3. I've started collecting old crosses and religious iconography. My favorite is a Greek Orthodox Crucifixion painted on a crimson background and layered with gold leaf.

4. The first time I tried Indian food was in a tiny restaurant in Chiang Mai, Thailand (One of the three cities that form the Golden Triangle of Opium production). My parents hated it. I loved it. It took me ten years to try it again and now I can't stop.

5. I worked at a mental health facility, after I graduated from college. The clients--we called them consumers--were suffering from a variety of psychoses. Unfortunately, the mental health system is cash poor and graveyard shifts are often understaffed, and by that, I mean just me. One of my tasks was to do room checks every hour to make sure the consumers were in their beds. On one of these checks, I'd finished the rounds and was walking back to the staff wing, when I heard a creaking behind me. I turned. A particularly venomous Borderline (look it up) was standing behind me with a chair over her head ready to bring it down on me. She met my gaze, cocked her head, put the chair down in the dark hallway, and returned to her room without a word (from either of us).

6. When I was seven--we lived in Portugal at the time--our house bumped right onto a cobbled street. It looked like any other building from the front, whitewashed walls, ten foot rough-hewn doors. The ground floor entry was a cave, not literally, but dark, stony and damp as is typical of the architecture in that area. It was a bit of a dungeon, and the landlord, a fisherman, retained a weight making shop behind a locked door. That place was always a mystery. I'd sit on the cold stone stairs and watch the shadows play under the crack below the door, imagining the fisherman as an alchemist. A wizard.

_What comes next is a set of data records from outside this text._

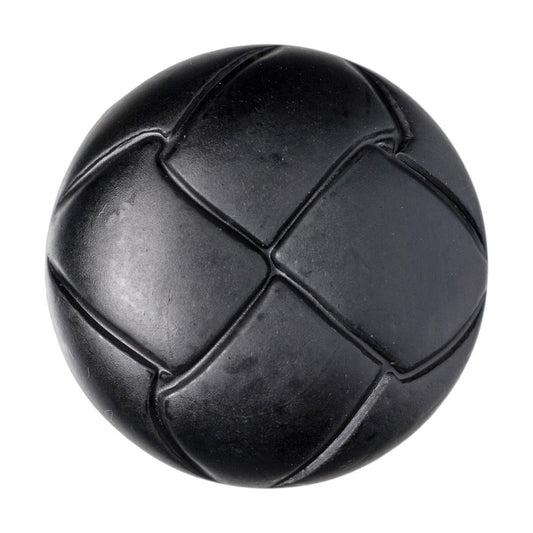 Black domed button with woven leather-look pattern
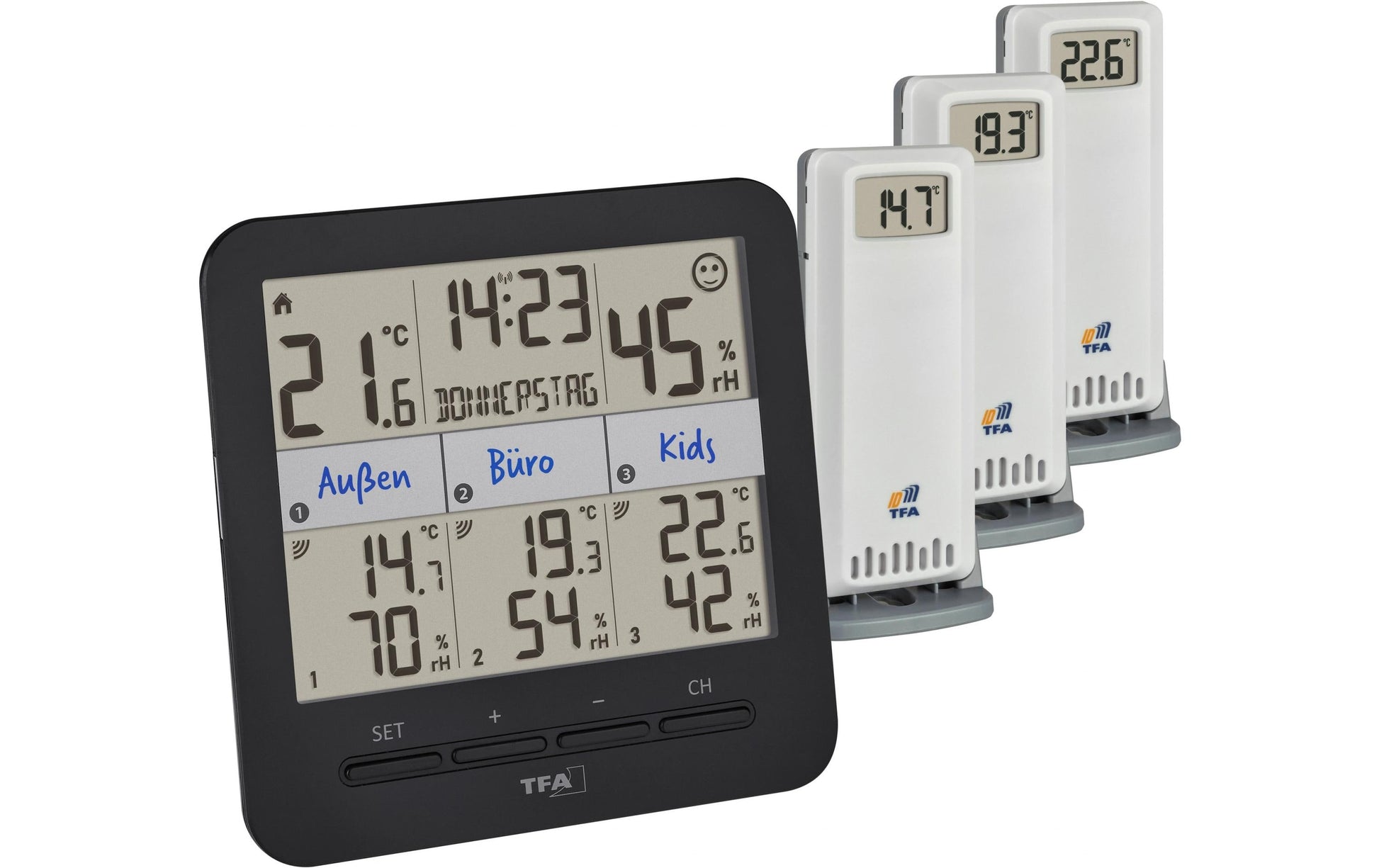 TFA-Dostmann TFA Dostmann Gateway 35.8103 & Klima@Home2 – Sensor – Aussen-/Innentemperatur, Luftfeuchtigkeit, Display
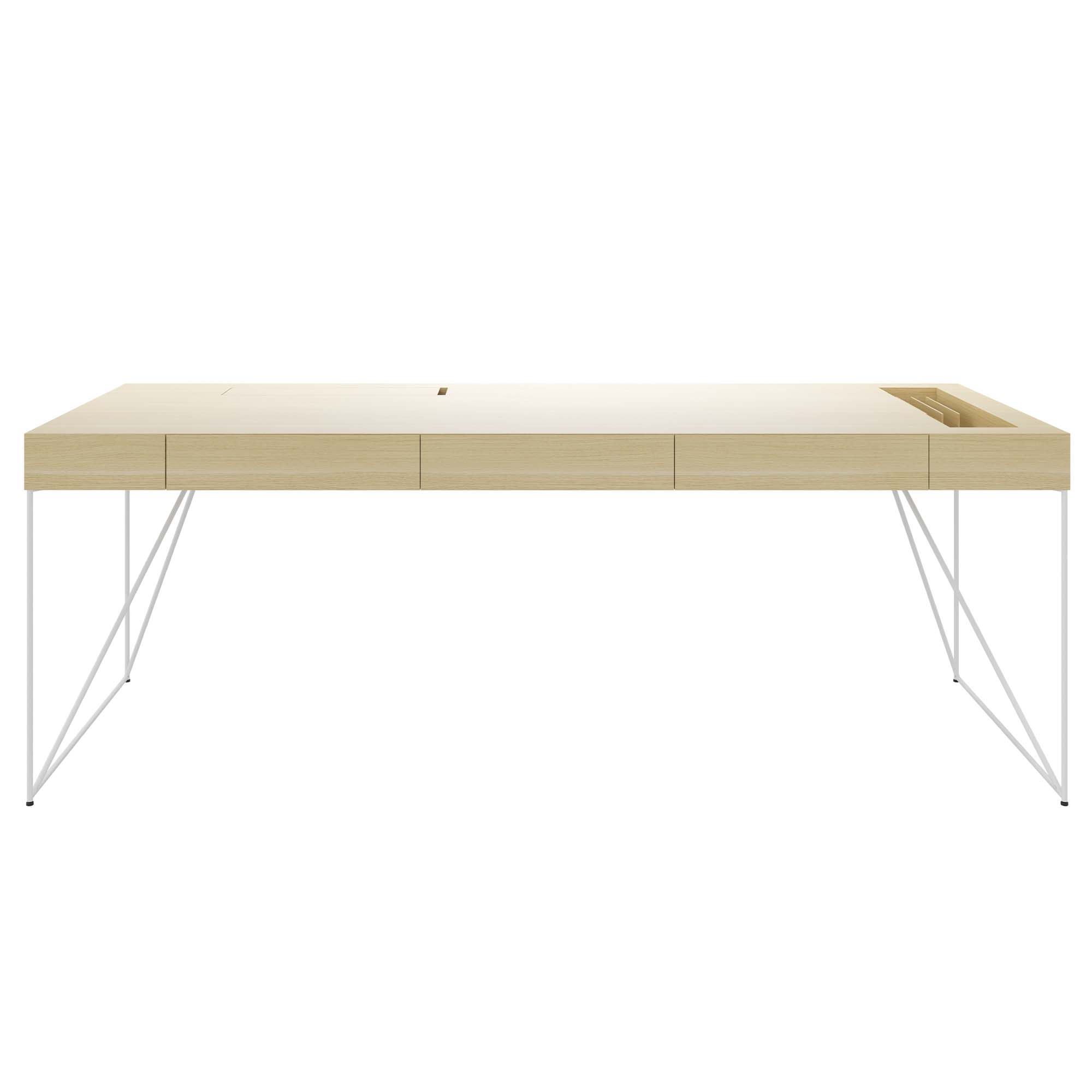 AIR executive desk | 2200 x 800 mm, integrated drawers, ash veneer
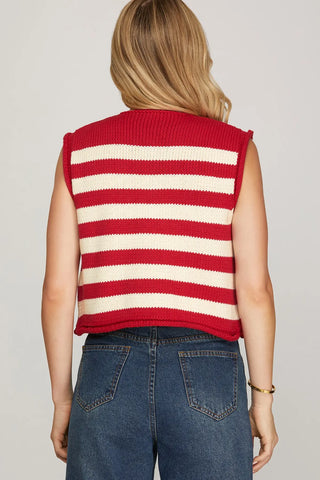 Sleeveless striped button down cardigan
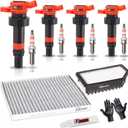 GBTAD Set of 4 Upgraded Ignition Coil Pack & Spark Plug & Engine & Cabin Air Filter for 1.6L L4 2012-2017 Hyundai Accent, 2013-2017 Hyundai V-eloster, 2012-2017 Kia Rio Replaces UF652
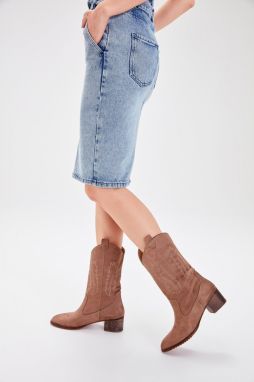 Trendyol Beige Suede Women's Boots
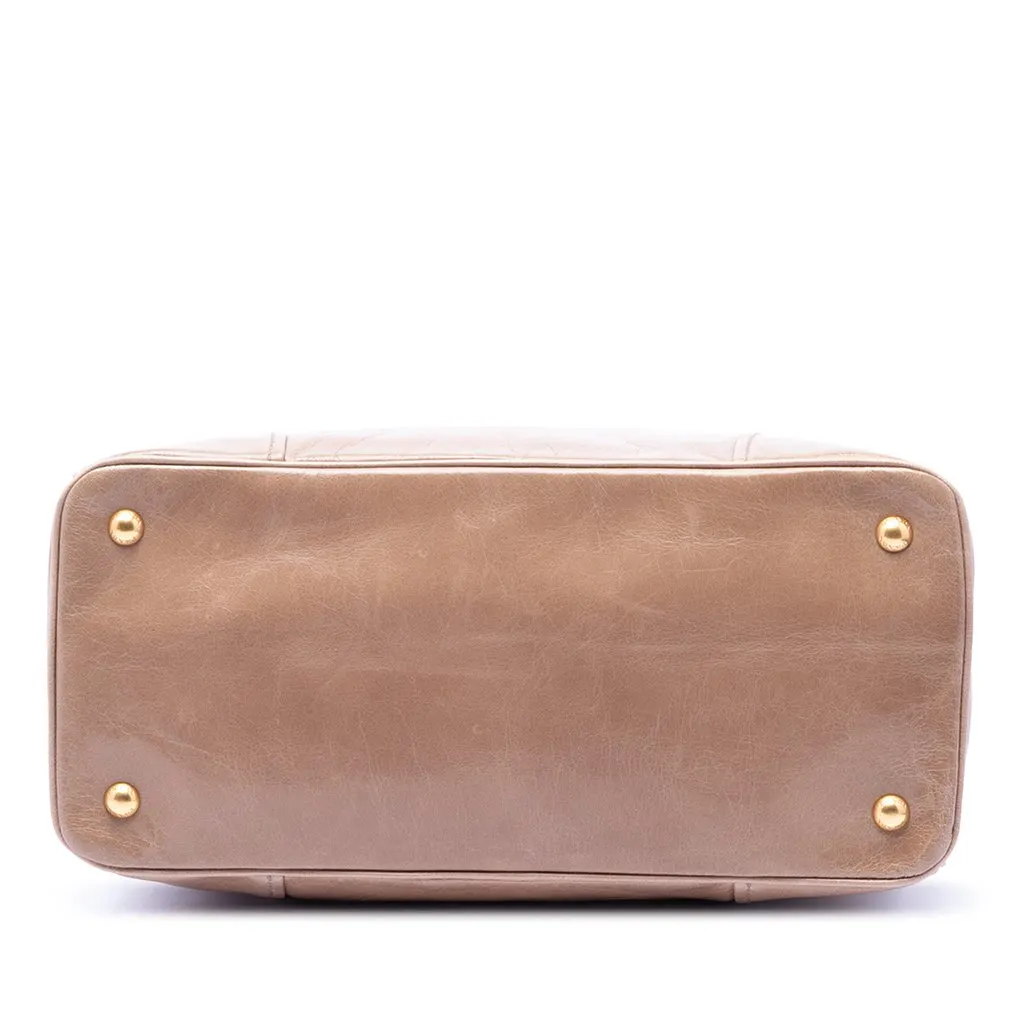Prada Vitello Shine Satchel Brown Leather Very good - Inside View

7. We lived near the Westpoint Academy in New York,--I was five at the time. Occasionally, we'd have dinner at the large hotel on the Wespoint grounds. Now, I was prodigy in the hijinx department and snuck away from my parents on a regular basis. I got stuck in the elevator and couldn't reach the buttons. I cried.


8. In 1991, I visited my parents in the Phillipines (my father's work took him all over the world). While I was flying across the Pacific, Clark Air Force Base was evacuated as nearby Mt. Pinatubo seemed likely to erupt. Although civilians, my parents were told to leave. When I arrived in Manilla, the volcano had already sent several small plumes of ash into the night sky. The driver took us to a nearby naval base, where the Americans had been relocated. When the volcano erupted, it was catastrophic. The sky was black for 30 hours, a typhoon rolled in, and the earthquakes rolled continuously. Debris fell on the evacuation site killing many in the surrounding towns and collapsing a gym on frightened families.

Consider yourself tagged, or not. But tell me something people! I'm bored and have access to sharp objects.

Comments

Stacia said…
I just watched a Discovery special on the Pinatubo eruption last week! Very scary.
Mark Henry said…
It was widely underreported at the time. People don't realize the immensity of that eruption.